Pavel Vavrousek’s work has until now only been recalled in a short note by an art historian Anna Farova written for Vavrousek’s exhibition in Prague’s Drama Club (Cinoherni klub) in the spring of 1981: “Pavel Vavrousek photographs village life seriously and meticulously in the form of distinct and clearly demarcated photographic imagery. Their atmosphere is one of finality and festivity. The quest to the village can become an unconscious seeking of something exotic, the pursuit of capturing something unusual and new is the first layer of mapping, which is followed by true understanding. The long-standing focus on this theme tends to overlay the initial exotic and aesthetic excitement. The author has been photographing in Slovakia’s Nova Sedlice, 900km from Prague, since 1971. Orthodox customs and traditions are still maintained here, which form the basis of the photographer’s capturing of the Christmas holidays. Vavrousek’s narration is not drawn out, he succinctly summarises into essence-like images that give rise to photographs classically balanced in their form and content.” As per the quote, the 1981 exhibition presented the author’s work capturing the village’s Christmas. In his subsequent and now legendary exhibition 9 & 9 in Plasy, Vavrousek introduced a selection of horse photography, which he re-exhibited during his independent exhibition at the Nerudovka Gallery.

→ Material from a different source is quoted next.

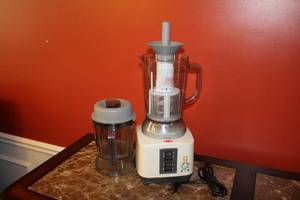 lot 924 image: Freshway Food Processor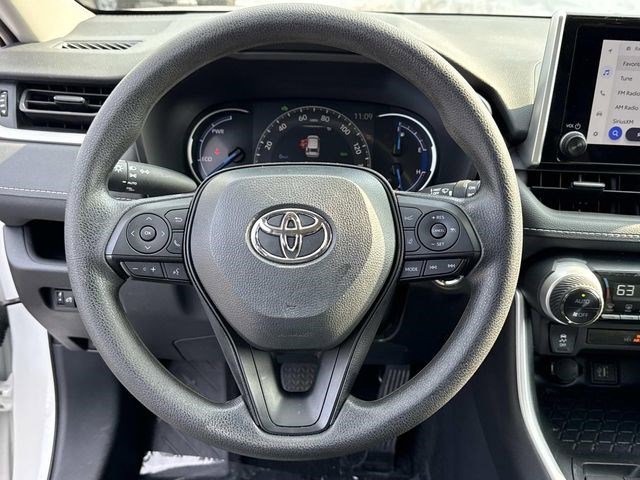 Used 2025 Toyota RAV4 XLE image 18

Through the exhibitions at the foyer of the Drama Club and at Plasy in 1981, Anna Farova placed Pavel Vavruska alongside the strong documentarian generation such as Libuse Jarcovjakova, Dusan Simanek, Borivoj Horinek, Jiri Polacek, Dusan Palka, Pavel Stecha, Ivan Lutterer, Jaroslav Barta, Iren Stehli, Ivo Gil or Jindrich Streit, most of which graduated FAMU in the 1970s. With the culmination of his studies at FAMU where he presents his Nova Sedlice collection as his thesis, Vavrousek’s photography of the last village ends. And without knowing it at the time, so does his interest in documentary photography. After making an appearance in a few foreign photography magazines, the Nova Sedlice collection disappears from the photography scene for many years. After graduating from FAMU Vavrousek mostly focuses on his work and family, he returns to photography only sporadically to capture his other hobbies such as hiking, or to immortalise his bell ringer friends. “In the spring 1981 I graduated from FAMU. It was clear that I won’t be able to make a living as a photographer. Especially as a documentarian, and when it comes to commercial or architecture photography that made a living for Pavel Stecha was something I was neither good at nor interested in. I enjoyed my work at the Telecommunications Research Institute very much. I also got married, my son was born… Perhaps I didn’t have the right Koudelka-esque lifelong verve to pursue photography in spite of everything.”

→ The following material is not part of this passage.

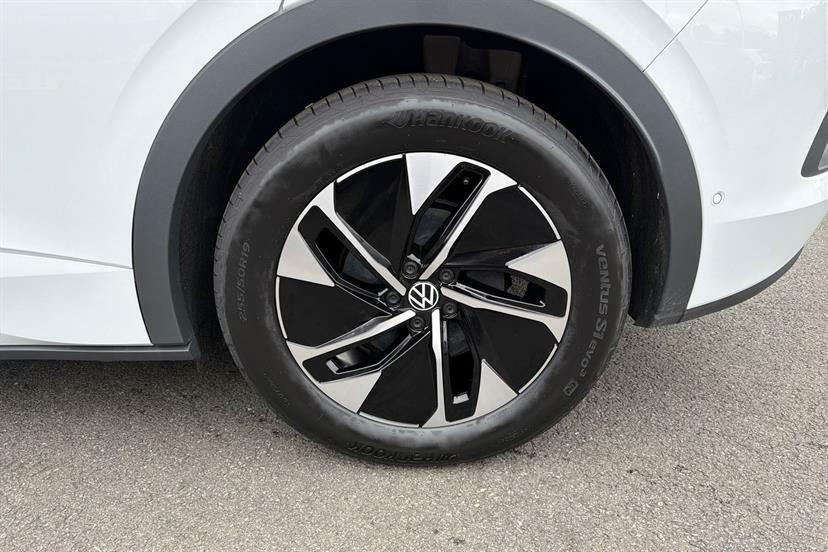 Volkswagen ID.5 Match Pro Black #15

When the borders opened after 1989, most Czech citizens travelled to first experience previously practically inaccessible western countries. In contrast many photographers such as Iva Zimova, Josef Koudelka, Jaroslav Pulicar, Pavel Hroch, Jarmila Simanova or Karel Cudlin headed east. They photographed in Poland, Transcarpathian Ukraine, and mostly in the Romanian Banat, a village not yet touched by tourism or large agricultural and animal production cooperatives, a village that attracted the photographers not only with its originally Czech inhabitants, but also with its rudimentary and to an extent still authentic relationship with nature and faith. It was the same yearning that drew Pavel Vavrousek to Nova Sedlice two to three decades earlier.

To the memory of Auntie Zimovčáková and the village of Nová Sedlica with thanks for the beautiful times and the headachy mornings.